We wanted to change the lights above our bed to something not so bright and I read about "warm white" LED lights. I found them at www.superbrightleds.com the part number is WLED-WW5 cost US$3.94 each.

Here are some pics

On the left is the LED and on the right is the original bulb









LED bulb installed in light over the bed









Lights over bed, regular bulb on left, LED on right









LED and regular bulbs (with miniature wedge base) side by side


----------



## luverofpeanuts (Mar 9, 2010)

nice. I was thinking of upgrading too. Is it roughly the same brightness or is it quite a bit less?


----------



## hottubwilly (May 3, 2008)

The warm white is definitely not nearly as bright but I only saw it in the daylight. We'll be out next weekend and will try it out. I was thinking of maybe replacing all of the interior lights. They are also available in amber, red and blue as well.


----------



## Troy n Deb (Aug 31, 2009)

I agee the stock lights are way too bright late at night. I removed them and went to an auto parts store and replaced with red bulbs. They work on the same principle as a photo dark room. Now it can be left on until both of you are in bed.


----------



## rdvholtwood (Sep 18, 2008)

Nice Pictures - gives great comparison - Let us know how they work out for you...


----------



## Patty (Mar 4, 2010)

Wow! That's a price that is do-able. Let us know how it is at night.


----------



## TundraRoo (Mar 9, 2010)

Thanks for bringing this up. I had been contemplating LED replacement lights to fit existing fixtures and reduce power consumption while dry camping and you beat me to it.


----------



## hottubwilly (May 3, 2008)

Added some color LED lights for my daughter in the rear slide room. She wanted one blue and one green. Makes for come cool lighting back there at night


----------



## Chabbie1 (Dec 3, 2006)

We just replaced all interior bulbs with these LED's:

36 LED's

They are plenty bright. So, now we only need to run 1 or 2 lights at a time. It is more of a pure white light.

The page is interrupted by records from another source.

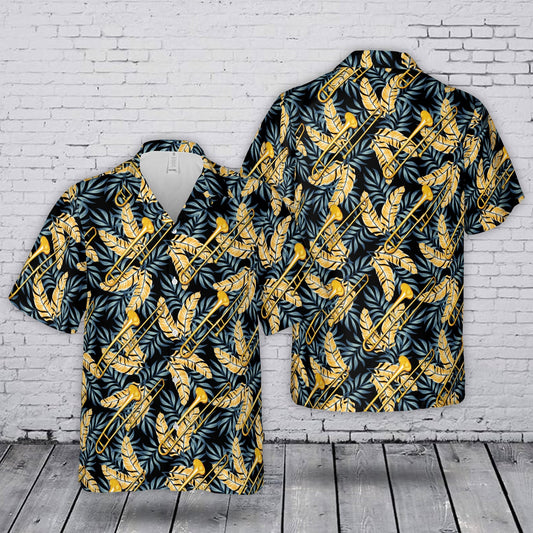 Trombone Musical Instrument Hawaiian Shirt Hawaiian Shirt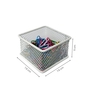 Ecru White Metal Mesh Paper Clip Holder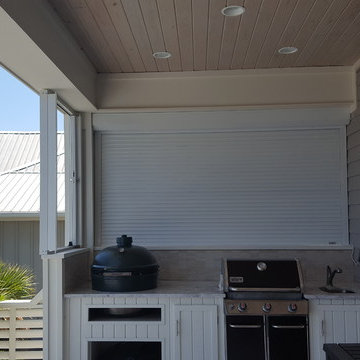 Bellare Motorized Rolling Shutter & Side Accordion Around Outdoor Kitchen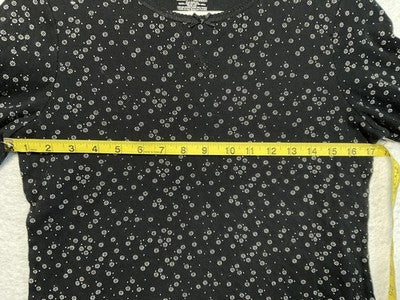 Croft & Barrow Intimates Shirt Womens Small Black Floral Long Sleeve Lace Trim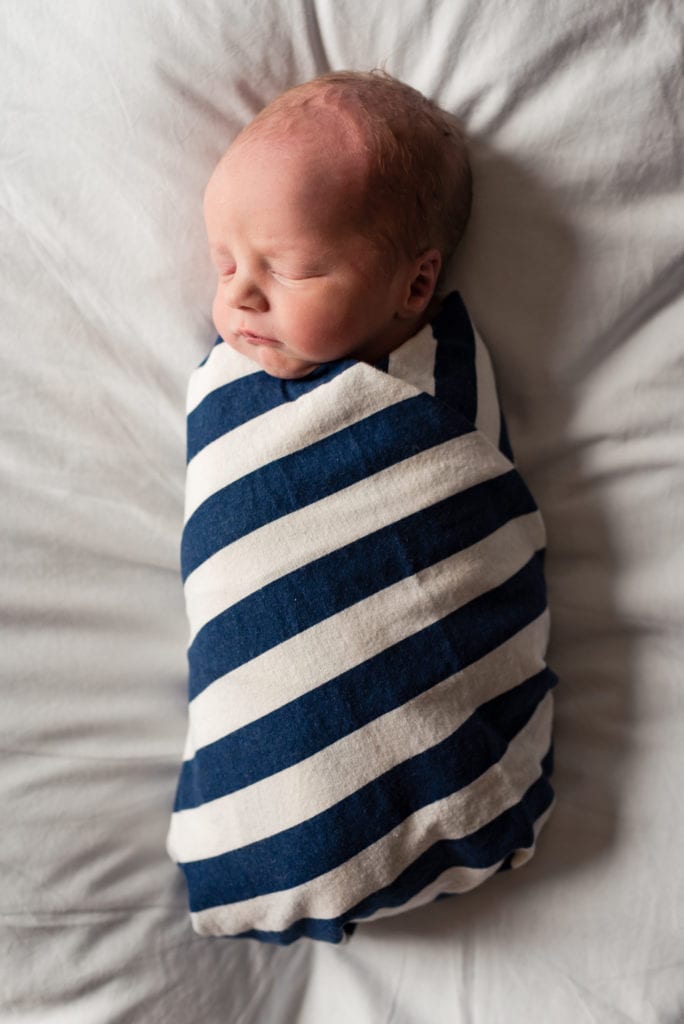 full portrait view of baby in blue and white striped wrap los angeles Fresh 48 in hospital session twins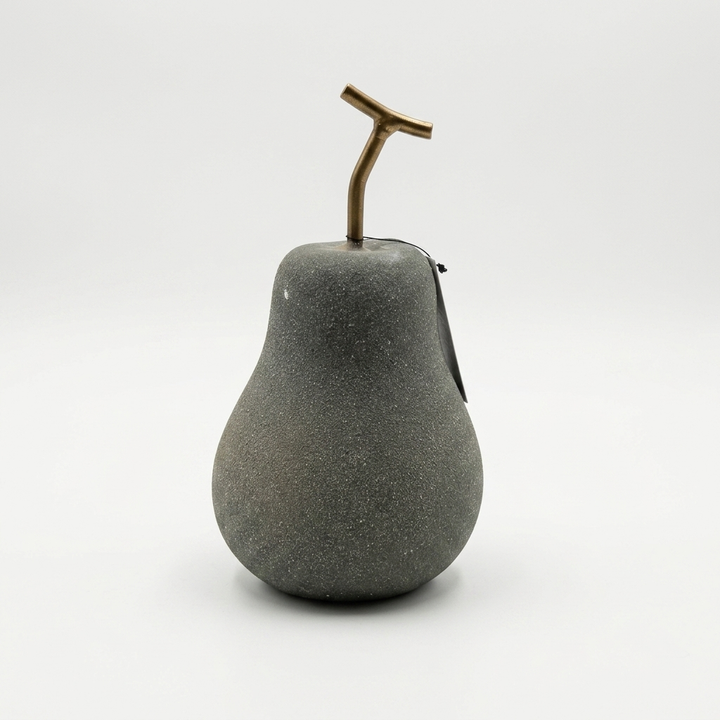 Charcoal grey pear home decor showpiece with antique gold accent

We replaced the outside lights with these LED's:

Outside lights

We haven't actually camped yet with them, so not sure if the outside ones are bright enough.

Will let you know soon!


----------



## Nathan (Jan 2, 2007)

Ok, so I had to get in on this one. I ordered some of the LED's mentioned by the OP and some that were super bright (best I can tell 4x the lumens. We'll try the dim ones over beds and the brighter in the main area and report the results.


----------